On my first day of class at El Paso Community College, I arrived early so I could sit close to the door—in case I wanted to flee. I was 28, and I worried that I was too old, that it had been too long since I’d last sat in a classroom, that I no longer knew how to be a student.
But I fought those urges and stayed. And with the help of a few professors, I thrived. Years of working outdoors had given me a perspective that others lacked. Compared to laboring under the brutal southwestern sun, reading a book and writing about it felt easy. It didn’t hurt that a woman I’d recently met, who a few years later became my wife, was a high school teacher and encouraged my enthusiasm.
After a year, I transferred to the University of Texas at El Paso. It was there that a professor suggested that I apply to a PhD program. I’d never considered such a thing. Frankly, I didn’t even know what a PhD program was. Still, with his encouragement, after graduation I applied for and received a fellowship to Southern Methodist University’s doctoral history program. It was time to leave la frontera once more.
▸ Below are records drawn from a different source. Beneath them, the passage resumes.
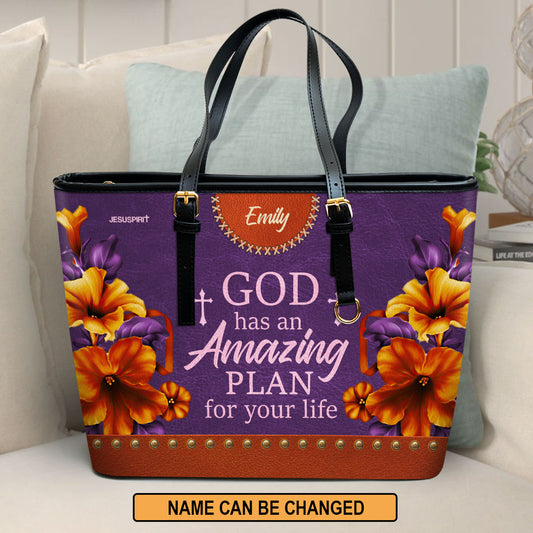 Jesuspirit | God Has An Amazing Plan For Your Life | Pretty Large Leather Tote Bag | Lily And Cross LLTBHN611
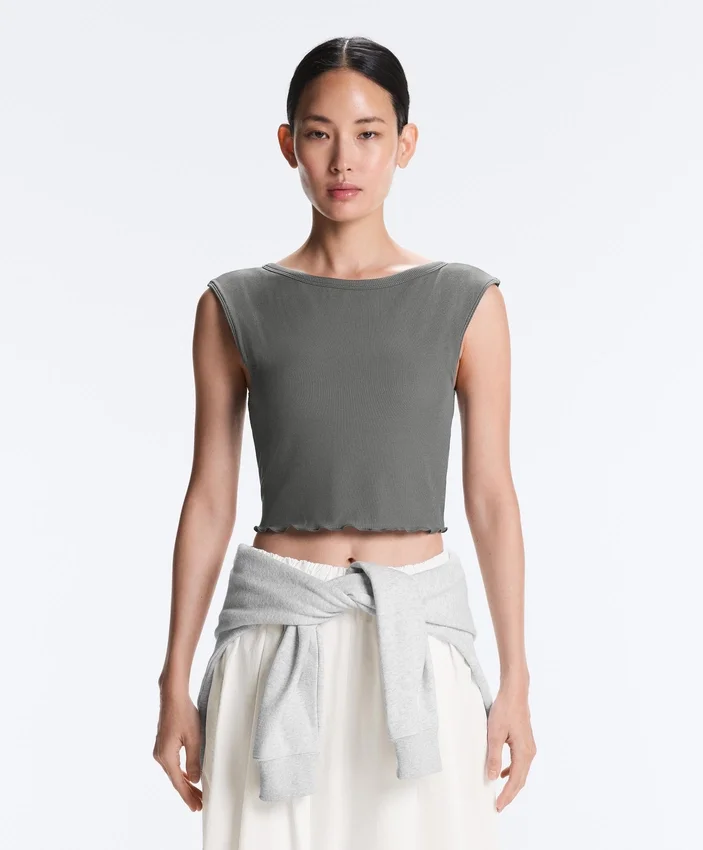 Rib Modal Blend Short Sleeve Tank Top with Curling Detail Rib Modal Blend Short Sleeve Tank Top with Curling Detail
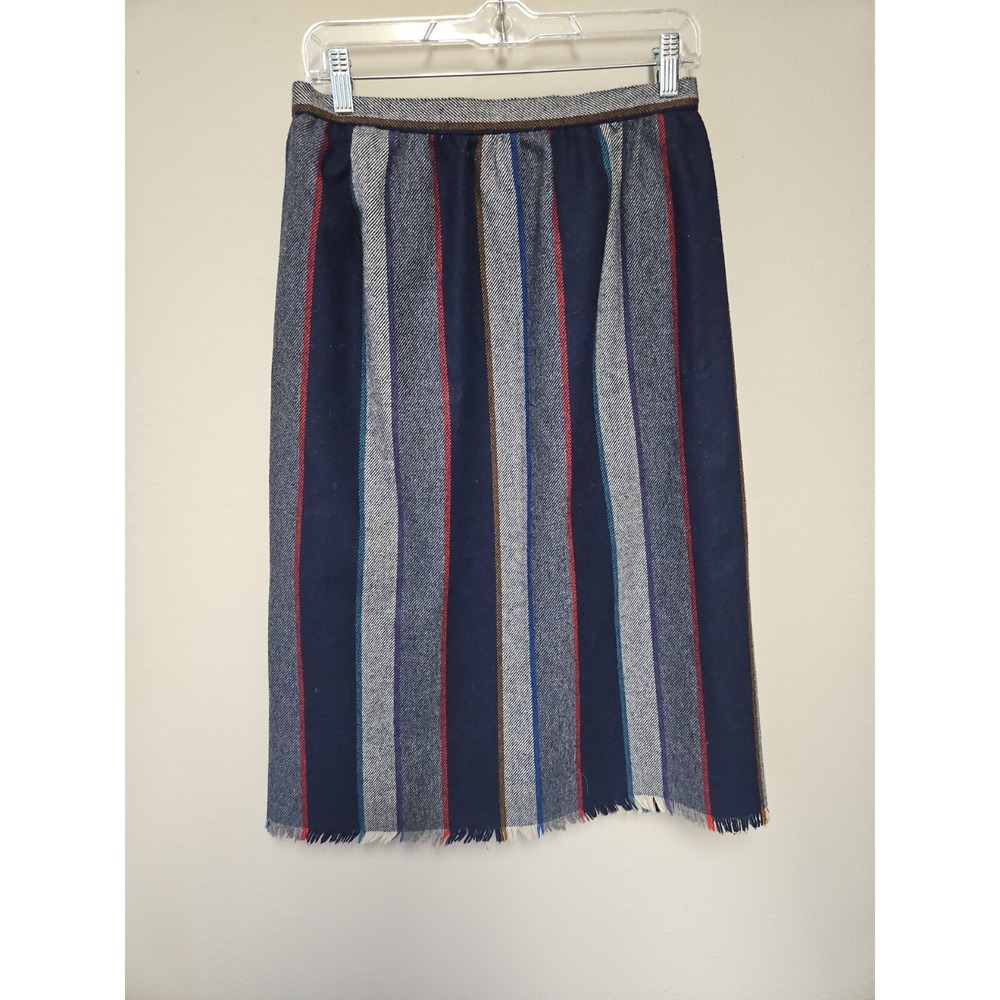 Haberdashery Collection Personal Vintage Wool Skirt Red Blue‎ - Size 14 - Picture 3 of 4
My first month at SMU, I once again had to fight the urge to run away. “I shouldn’t be here,” I thought, as I looked at the Mercedes and Maseratis in the student parking lot in this upscale Dallas neighborhood. I often walked past the university’s service workers and felt I had more in common with them than with my fellow students. When I heard them speak Spanish, I thought of home and was tempted to say something—something more than “¿Qué onda?”—to let them, or myself, know I was one of them. But I worried they’d see me as no different than the students I felt so alienated from. So I said nothing.
But I knew that that sort of self-pity was pointless. I couldn’t help but hear my father’s voice: “Ponte a trabajar, cabrón.” (Loose translation: “Get to work, dumbass.”)
During those first few weeks at SMU, I struggled. I imagined the absurdity of returning home a failure and facing loved ones who not even a month before, during a going-away party, had told me how proud they were of what I’d accomplished. I came to understand the loneliness my parents must have felt when they first settled in the U.S., a country where they didn’t speak the language, didn’t understand the ways of the people who sat above them on the social ladder, and had only the faintest idea of how to help their children climb that ladder.
In October of my first year at SMU, my parents came to visit me. They were struck by how green everything was, but what caught their eye—and mine, when I first arrived—were the fountains. SMU has four large fountains that are grand with water that gushes so loudly that if you close your eyes, you can imagine yourself beside a raging river.
My parents stood and stared at one of the fountains, seemingly entranced by the spectacle of this aquatic wonder. But, perhaps because I had spent so much of my life building things and fixing things, I couldn’t help but wonder how many thousands of dollars and man-hours are expended every year on the fountains’ upkeep. Contemplating those gorgeous cascades, I saw something else too: the distance between the aridity of the desert and the excesses of a lush university campus, the gap between where I came from and where I am now and the uneasiness that comes with the transition from one to the other.
As much as they pushed me to create a life for myself that was different than the one they lived, my parents don’t really understand what I do at SMU. “I read, and I write about what I read,” I explain in Spanish, with a sense of embarrassment and even guilt. “I’m trying to be a doctor but not a real one.” This seems to satisfy them.
Looking at that water soar up into the air and cascade to the ground, they surely understood that their son had found his way to a place very different from our desert home. A home I miss and still fight the urge to run back to.
Roberto José Andrade Franco, a History PhD candidate at SMU, is writing a dissertation on boxing’s influence on Mexican and Mexican American identity.